Alfredo era un militar veracruzano de 26 años de edad, el pasado jueves murió abatido en uno de los enfrentamientos de Culiacán, Sinaloa. Toda la noche su familia, vecinos y compañeros del Ejército Mexicano resguardan la vivienda donde se realiza el velorio de quien fue su compañero de armas.
El soldado veracruzano dejó a 2 pequeños en la orfandad, hace apenas 3 meses había acudido para la celebración de un bautizo. «Fue un buen niño, él anhelaba ese trabajo que tenía; fue amoroso, sano, tuvo dos hijos y los amaba mucho», expresó su madre, Ana.

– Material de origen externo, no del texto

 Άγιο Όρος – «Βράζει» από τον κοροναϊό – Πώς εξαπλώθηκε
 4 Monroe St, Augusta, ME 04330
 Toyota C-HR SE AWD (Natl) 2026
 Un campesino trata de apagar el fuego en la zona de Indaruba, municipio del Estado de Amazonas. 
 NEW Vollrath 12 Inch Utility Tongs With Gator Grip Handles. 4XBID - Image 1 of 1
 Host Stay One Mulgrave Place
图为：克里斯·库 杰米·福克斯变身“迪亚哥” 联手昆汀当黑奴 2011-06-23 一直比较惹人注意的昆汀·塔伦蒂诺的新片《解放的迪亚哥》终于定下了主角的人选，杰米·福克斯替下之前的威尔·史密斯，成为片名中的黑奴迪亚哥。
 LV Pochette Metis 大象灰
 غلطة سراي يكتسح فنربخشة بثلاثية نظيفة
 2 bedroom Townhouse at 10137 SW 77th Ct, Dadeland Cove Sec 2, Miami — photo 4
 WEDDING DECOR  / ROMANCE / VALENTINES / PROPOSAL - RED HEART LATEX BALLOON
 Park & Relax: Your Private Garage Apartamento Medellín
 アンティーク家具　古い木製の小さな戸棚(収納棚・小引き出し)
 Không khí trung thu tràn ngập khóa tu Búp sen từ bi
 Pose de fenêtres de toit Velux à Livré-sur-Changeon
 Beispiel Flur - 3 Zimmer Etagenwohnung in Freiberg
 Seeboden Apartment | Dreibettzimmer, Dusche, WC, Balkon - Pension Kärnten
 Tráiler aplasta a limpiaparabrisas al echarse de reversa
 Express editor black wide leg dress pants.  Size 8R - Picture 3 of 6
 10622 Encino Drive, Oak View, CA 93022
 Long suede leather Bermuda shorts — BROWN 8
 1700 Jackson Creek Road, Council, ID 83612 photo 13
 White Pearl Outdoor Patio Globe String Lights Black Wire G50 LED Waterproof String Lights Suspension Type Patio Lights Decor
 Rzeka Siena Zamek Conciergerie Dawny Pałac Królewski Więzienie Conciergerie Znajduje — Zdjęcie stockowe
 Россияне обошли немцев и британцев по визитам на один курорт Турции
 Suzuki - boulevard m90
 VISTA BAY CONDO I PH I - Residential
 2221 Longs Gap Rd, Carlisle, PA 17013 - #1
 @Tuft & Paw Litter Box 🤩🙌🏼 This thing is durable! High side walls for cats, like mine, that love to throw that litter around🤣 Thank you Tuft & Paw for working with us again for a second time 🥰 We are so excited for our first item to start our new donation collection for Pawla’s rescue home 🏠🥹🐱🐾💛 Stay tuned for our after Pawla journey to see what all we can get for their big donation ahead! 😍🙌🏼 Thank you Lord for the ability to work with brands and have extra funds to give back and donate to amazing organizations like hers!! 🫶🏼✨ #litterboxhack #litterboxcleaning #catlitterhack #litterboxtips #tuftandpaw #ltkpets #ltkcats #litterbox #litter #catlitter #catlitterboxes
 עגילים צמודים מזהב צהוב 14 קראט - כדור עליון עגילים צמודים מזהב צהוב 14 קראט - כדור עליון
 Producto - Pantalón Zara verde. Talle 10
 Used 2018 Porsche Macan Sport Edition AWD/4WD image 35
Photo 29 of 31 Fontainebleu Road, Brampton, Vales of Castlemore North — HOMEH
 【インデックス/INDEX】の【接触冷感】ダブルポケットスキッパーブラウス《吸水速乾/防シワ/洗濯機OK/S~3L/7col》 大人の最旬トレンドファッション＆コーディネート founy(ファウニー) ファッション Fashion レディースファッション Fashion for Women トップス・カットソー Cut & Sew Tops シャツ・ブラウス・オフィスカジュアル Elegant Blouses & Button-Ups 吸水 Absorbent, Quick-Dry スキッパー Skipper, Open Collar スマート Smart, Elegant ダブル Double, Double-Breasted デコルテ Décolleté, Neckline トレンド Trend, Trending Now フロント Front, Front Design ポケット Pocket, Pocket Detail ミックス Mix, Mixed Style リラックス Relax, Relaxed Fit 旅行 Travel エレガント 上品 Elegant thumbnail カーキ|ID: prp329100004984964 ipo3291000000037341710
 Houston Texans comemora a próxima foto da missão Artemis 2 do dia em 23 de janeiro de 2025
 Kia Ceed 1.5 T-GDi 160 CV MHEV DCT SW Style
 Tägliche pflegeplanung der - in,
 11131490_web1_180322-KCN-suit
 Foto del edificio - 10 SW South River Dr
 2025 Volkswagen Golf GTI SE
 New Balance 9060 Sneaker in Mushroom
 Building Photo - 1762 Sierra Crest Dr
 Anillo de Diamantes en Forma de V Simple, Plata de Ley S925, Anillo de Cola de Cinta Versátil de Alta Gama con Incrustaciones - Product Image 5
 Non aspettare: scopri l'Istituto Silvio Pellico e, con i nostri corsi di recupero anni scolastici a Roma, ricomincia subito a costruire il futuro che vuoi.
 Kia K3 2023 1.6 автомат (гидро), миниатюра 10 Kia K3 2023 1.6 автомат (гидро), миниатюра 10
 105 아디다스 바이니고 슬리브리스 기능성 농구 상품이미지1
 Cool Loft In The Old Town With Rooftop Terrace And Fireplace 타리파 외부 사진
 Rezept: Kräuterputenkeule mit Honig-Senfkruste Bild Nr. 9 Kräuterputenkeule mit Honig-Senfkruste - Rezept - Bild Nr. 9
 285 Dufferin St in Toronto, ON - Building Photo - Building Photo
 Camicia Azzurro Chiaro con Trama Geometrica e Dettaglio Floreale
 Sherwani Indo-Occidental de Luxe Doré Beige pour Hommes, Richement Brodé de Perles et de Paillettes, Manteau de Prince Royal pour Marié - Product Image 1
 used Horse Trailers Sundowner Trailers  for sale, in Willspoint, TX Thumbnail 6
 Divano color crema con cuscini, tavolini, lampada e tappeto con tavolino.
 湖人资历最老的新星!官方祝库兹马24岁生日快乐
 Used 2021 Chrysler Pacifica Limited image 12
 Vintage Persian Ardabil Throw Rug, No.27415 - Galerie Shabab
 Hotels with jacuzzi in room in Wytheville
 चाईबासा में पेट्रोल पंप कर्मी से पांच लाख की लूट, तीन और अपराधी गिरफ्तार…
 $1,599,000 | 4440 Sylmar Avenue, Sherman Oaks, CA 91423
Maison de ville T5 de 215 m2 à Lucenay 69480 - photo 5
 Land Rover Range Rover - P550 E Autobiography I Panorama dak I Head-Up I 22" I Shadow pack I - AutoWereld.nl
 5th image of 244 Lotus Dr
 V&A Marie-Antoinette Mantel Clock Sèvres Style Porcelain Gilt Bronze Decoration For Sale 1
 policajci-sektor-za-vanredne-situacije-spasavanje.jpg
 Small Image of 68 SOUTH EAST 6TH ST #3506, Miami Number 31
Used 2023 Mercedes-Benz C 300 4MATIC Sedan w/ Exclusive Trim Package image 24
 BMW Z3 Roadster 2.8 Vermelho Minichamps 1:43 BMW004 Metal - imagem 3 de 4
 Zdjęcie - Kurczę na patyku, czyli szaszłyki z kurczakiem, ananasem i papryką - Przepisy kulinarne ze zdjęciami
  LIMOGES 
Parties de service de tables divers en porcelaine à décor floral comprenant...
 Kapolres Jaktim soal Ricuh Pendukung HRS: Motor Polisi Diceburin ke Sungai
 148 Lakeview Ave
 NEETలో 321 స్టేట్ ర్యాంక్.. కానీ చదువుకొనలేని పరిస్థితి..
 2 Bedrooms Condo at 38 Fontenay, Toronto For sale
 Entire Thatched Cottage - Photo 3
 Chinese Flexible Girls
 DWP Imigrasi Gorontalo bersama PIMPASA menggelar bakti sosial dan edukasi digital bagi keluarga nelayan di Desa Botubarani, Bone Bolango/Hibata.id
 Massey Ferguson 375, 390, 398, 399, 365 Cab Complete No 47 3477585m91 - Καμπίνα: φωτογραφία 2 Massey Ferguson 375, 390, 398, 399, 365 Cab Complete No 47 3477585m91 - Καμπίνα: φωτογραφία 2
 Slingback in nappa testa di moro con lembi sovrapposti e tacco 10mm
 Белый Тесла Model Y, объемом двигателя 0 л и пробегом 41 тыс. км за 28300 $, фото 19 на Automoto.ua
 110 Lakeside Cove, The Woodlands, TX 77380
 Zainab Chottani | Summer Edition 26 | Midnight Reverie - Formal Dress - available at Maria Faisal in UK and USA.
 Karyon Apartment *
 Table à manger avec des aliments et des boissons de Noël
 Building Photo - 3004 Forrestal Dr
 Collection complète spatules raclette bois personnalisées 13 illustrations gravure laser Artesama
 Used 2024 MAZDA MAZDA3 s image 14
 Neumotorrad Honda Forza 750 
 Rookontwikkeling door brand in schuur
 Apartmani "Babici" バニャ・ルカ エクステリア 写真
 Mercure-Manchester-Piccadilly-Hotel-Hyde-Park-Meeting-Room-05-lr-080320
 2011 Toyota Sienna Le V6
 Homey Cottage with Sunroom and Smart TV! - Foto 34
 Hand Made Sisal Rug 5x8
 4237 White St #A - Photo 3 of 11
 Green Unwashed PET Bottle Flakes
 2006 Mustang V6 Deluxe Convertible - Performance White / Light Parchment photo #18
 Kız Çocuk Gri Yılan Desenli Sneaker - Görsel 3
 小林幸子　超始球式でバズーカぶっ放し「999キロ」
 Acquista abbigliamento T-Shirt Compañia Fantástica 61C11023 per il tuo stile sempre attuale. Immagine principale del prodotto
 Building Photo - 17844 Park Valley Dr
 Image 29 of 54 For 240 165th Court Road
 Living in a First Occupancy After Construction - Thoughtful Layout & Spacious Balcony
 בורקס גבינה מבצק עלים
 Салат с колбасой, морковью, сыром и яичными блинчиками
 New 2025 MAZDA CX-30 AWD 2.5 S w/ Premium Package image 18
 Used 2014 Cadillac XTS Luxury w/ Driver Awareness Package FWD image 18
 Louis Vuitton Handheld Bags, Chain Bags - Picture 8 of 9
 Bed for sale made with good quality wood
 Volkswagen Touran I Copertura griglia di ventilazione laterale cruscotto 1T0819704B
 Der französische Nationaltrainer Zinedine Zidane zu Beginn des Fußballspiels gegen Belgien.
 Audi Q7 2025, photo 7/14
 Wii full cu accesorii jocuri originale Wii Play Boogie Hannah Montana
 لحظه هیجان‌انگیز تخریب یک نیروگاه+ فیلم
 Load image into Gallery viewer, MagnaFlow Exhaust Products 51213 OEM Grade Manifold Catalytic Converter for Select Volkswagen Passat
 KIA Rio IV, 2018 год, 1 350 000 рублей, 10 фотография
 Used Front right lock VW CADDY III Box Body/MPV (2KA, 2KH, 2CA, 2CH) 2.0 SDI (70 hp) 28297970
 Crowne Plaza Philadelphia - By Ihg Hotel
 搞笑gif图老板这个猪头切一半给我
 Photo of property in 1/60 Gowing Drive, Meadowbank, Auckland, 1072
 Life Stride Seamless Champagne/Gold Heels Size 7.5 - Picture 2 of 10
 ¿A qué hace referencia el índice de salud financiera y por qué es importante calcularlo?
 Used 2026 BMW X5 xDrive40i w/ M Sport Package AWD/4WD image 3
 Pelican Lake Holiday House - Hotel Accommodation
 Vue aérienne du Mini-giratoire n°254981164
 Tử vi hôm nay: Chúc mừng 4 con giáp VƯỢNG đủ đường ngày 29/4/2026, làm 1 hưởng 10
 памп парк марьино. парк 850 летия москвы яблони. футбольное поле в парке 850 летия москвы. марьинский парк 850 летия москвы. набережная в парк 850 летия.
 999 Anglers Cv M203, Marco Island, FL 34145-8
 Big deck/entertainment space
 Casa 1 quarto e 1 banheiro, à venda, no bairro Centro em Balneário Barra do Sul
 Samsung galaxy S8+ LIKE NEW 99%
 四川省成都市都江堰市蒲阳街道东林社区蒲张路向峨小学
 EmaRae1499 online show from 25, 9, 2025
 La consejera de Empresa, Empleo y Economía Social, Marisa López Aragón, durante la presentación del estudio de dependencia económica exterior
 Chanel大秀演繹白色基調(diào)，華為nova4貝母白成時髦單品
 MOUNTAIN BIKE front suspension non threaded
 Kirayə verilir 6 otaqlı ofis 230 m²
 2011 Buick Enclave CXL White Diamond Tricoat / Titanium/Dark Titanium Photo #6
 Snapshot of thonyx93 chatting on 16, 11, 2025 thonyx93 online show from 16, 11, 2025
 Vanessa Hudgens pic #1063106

El féretro fue trasladado en el avión Caza 295, matrícula 3204, que aterrizó en la base aeronaval de Las Bajadas, a un lado del aeropuerto de Veracruz.
«Hijo, ¿es realmente lo que anhelas?, ¿lo que quieres? Decía ‘sí, ese es el trabajo que yo quiero’”, narró su madre a medios de comunicación, al relatar que siempre le advirtió de lo riesgoso de su trabajo “Yo lo apoyé para que él pudiera obtener ese trabajo y lo demás Dios sabe por qué suceden las cosas», agregó.
Era un joven feliz, preocupado siempre por su familia, que amaba y disfrutaba el futbol, cuenta Roxana, una de sus hermanas. “Su único vicio era el futbol, amaba el futbol; era un niño muy tranquilo, muy dedicado en su trabajo», dijo.